Understanding the properties of logarithms is crucial for manipulating and simplifying logarithmic expressions. Logarithms, the inverse operations of exponentiation, share several properties that can make complex calculations more manageable.

• Product Property: The logarithm of a product is equal to the sum of the logarithms of the individual factors, formally \text{\( \log(a \cdot b) = \log(a) + \log(b) \)}.
• Quotient Property: The logarithm of a quotient is equal to the difference of the logarithms of the numerator and the denominator, expressed as \text{\( \log\left(\frac{a}{b}\right) = \log(a) - \log(b) \)}.
• Power Property: The logarithm of a number raised to an exponent is the exponent times the logarithm of the number itself, or \text{\( \log(a^x) = x \cdot \log(a) \)}.

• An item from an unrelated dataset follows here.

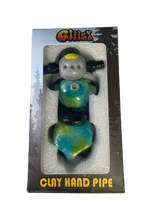 5" Glizzy Clay Hand Pipe 1Ct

By applying these properties, you can transform logarithmic expressions into simpler forms that are often more convenient for solving equations and evaluating values.

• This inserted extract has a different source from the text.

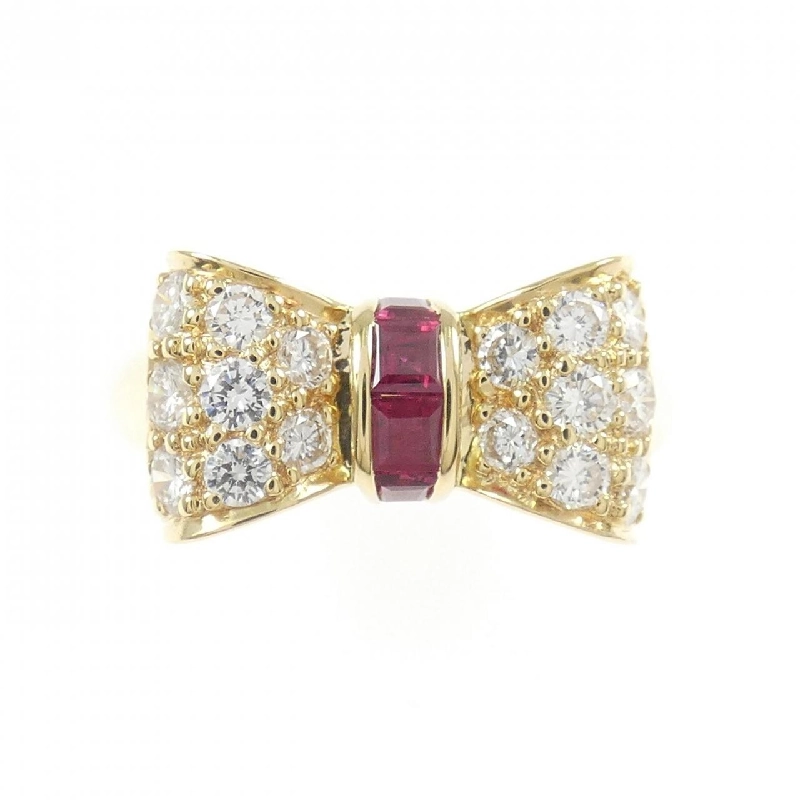 Nhẫn Ruby Ruy Băng 750YG - Hàng hiệu Chính hãng 849533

Logarithmic identities are a set of equations that reflect the fundamental characteristics of logarithms. These identities are pivotal when simplifying complex expressions or solving logarithmic equations.

• The logarithm of 1 to any base is always 0, because any number raised to the power of 0 is 1: \text{\( \log_b(1) = 0 \)}.
• For any base b, the logarithm of the base itself is 1: \text{\( \log_b(b) = 1 \)}.
• The change of base formula allows one to compute logarithms in a different base: \text{\( \log_b(a) = \frac{\log_c(a)}{\log_c(b)} \)} for any positive base c.

These identities are the backbone for working with logarithms across different bases and simplifying expressions into something more recognizable and calculable.

Simplifying logarithmic expressions is a process that often involves applying the aforementioned properties and identities. The goal is to write a complex expression as a single logarithm with a coefficient of 1, to make it more understandable and easier to evaluate or further manipulate.

• Begin by identifying terms that can be combined using the product, quotient, or power properties.
• Break down the expression step by step, and apply the properties where they fit. Remember, practice makes perfect.
• Always look out for opportunities to utilize logarithmic identities to simplify the expression further.
• If given numeric values, you can evaluate the simplified expression to find a concrete solution.

When tackling an expression like \text{\( \log (2x+5) - \log x \)}, we apply the quotient property because it involves subtraction (difference of logarithms), leading us to \text{\( \log((2x+5)/x) \)}. Upon further simplification, we end up with \text{\( \log(2 + 5/x) \)}, a result that's easier to interpret and, if needed, to compute when the values are known.